Bug #20128 outer JOIN + GROUP BY: wrong result
Submitted: 29 May 2006 15:55 Modified: 30 Jun 2006 11:14
Reporter: Matthias Leich Email Updates:
Status: Not a Bug Impact on me:
None 
Category:MySQL Server: Optimizer Severity:S2 (Serious)
Version:5.0 OS:
Assigned to: Igor Babaev CPU Architecture:Any

[29 May 2006 15:55] Matthias Leich
Description:
Testcase derived from select.test:

CREATE TABLE t1 ( a INT NOT NULL, b INT NOT NULL);
INSERT INTO t1 VALUES (1,2);
CREATE TABLE t2 ( a INT NOT NULL, b INT NOT NULL );
INSERT INTO t2 VALUES ( 1,10), (1,11), (1,2);
# Where is the record with t2.b = 11 ?
SELECT t2.a, t2.b AS d FROM t2 LEFT JOIN
t1 ON t2.a = t1.a AND t2.b = t1.b GROUP BY t1.a, t1.b;
a	d
1	10
1	2
Comparable testcase using two statements:
CREATE TABLE t3 AS SELECT t2.a, t2.b FROM t2 LEFT JOIN
t1 ON t2.a = t1.a AND t2.b = t1.b;
SELECT a,b FROM t3;
a	b
1	10
1	11
1	2
SELECT a,b AS d FROM t3 GROUP BY a, b;
a	d
1	2
1	10
1	11

My environment:
   - PC - Intel Pentium M (x86-32Bit) - with Linux(SuSE 9.3)
   - MySQL compiled from source
         Version 5.0 ChangeSet@1.2109.1.2, 2006-05-05
         version 5.1 ChangeSet@1.2182, 2006-05-24

This is probably a duplicate of already known JOIN bugs,
but I assume my testcase is one of the most simple.

How to repeat:
Please use my attached testscript ml009.test
  copy it to mysql-test/t
  echo "Dummy" > r/ml009.result   # Produce a dummy file with 
                                                   # expected results
  ./mysql-test-run ml009
[29 May 2006 15:56] Matthias Leich
testcase

Attachment: ml009.test (application/test, text), 1.49 KiB.

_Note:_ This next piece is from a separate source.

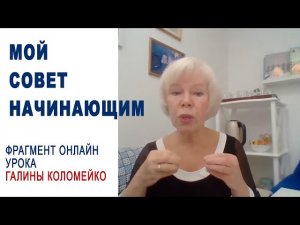 Доверьтесь опыту учителя и изучите методику до конца. Фрагмент онлайн-урока Галины Коломейко #shor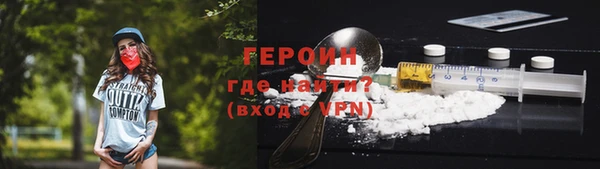 бутират Нея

[30 Jun 2006 3:56] Igor Babaev
As we can see the result set for the query:

SELECT t1.a, t1.b, t2.a, t2.b FROM t2 LEFT JOIN t1 ON t2.a=t1.a AND t2.b=t1.b

contains two groups for values of (t1.a,t1.b)

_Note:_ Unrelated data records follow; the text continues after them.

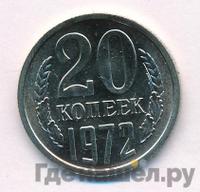 20 копеек 1972 года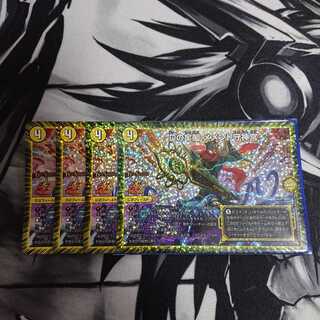 Dの牢閣メメント守神宮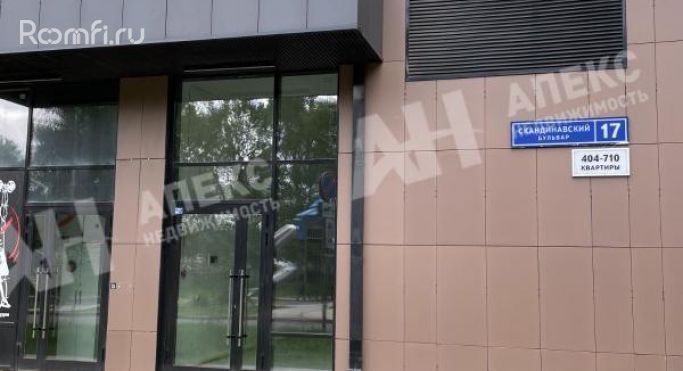 Продажа помещения свободного назначения 73 м², Скандинавский бульвар - фото 1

mysql> SELECT t1.a, t1.b, t2.a, t2.b FROM t2 LEFT JOIN t1 ON t2.a=t1.a AND t2.b=t1.b;

+------+------+---+----+
| a    | b    | a | b  |
+------+------+---+----+
| NULL | NULL | 1 | 10 |
| NULL | NULL | 1 | 11 |
|    1 |    2 | 1 |  2 |
+------+------+---+----+

That's why the following result is absolutely correct:

mysql> SELECT t1.a, t1.b, t2.a, t2.b FROM t2 LEFT JOIN t1 ON t2.a=t1.a AND t2.b=t1.b GROUP BY t1.a, t2.a;
+------+------+---+----+
| a    | b    | a | b  |
+------+------+---+----+
| NULL | NULL | 1 | 10 |
|    1 |    2 | 1 |  2 |
+------+------+---+----+

So I don't see any bug here.
[30 Jun 2006 11:14] Matthias Leich
Igor is right, it is indeed no bug and my "comparable testcase using 
two statements" does not fit.
The statement is:
   SELECT t2.a, t2.b AS d FROM t2 LEFT JOIN
   t1 ON t2.a = t1.a AND t2.b = t1.b GROUP BY t1.a, t1.b;
The important point is, that the columns within the select column list
are neither embedded in aggregat functions like SUM nor columns of the
group by column list. BTW: This is not allowed in standard SQL.
The manual says about this situation:
2.10.3. GROUP BY and HAVING with Hidden Fields
MySQL extends the use of GROUP BY so that you can use non-aggregated
columns or calculations in the SELECT list that do not appear in the 
GROUP BY clause.  ...
Do not use this feature if the columns you omit from the GROUP BY part
are not constant in the group. The server is free to return any value
from the group, so the results are indeterminate unless all values 
are the same.
   SELECT t1.a, t1.b, t2.a, t2.b FROM t2 LEFT JOIN t1 ON t2.a=t1.a AND
   t2.b=t1.b;
   +------+------+---+----+
   | a    | b    | a | b  |
   +------+------+---+----+
   | NULL | NULL | 1 | 10 |
   | NULL | NULL | 1 | 11 |
   |    1 |    2 | 1 |  2 |
   +------+------+---+----+
   We have two t1.a, t1.b groups.
      NULL NULL
         1    2
   The server is must return exact one row per group and
   he is allowed to return any value from the group.
   This means for
    SELECT t2.a, t2.b AS d FROM t2 LEFT JOIN
    t1 ON t2.a = t1.a AND t2.b = t1.b GROUP BY t1.a, t1.b;
   +---+----+
   | a | b  |
   +---+----+
   | 1 | 10 |
   | 1 |  2 |
   +---+----+
   and also
   +---+----+
   | a | b  |
   +---+----+
   | 1 | 11 |
   | 1 |  2 |
   +---+----+
   are correct.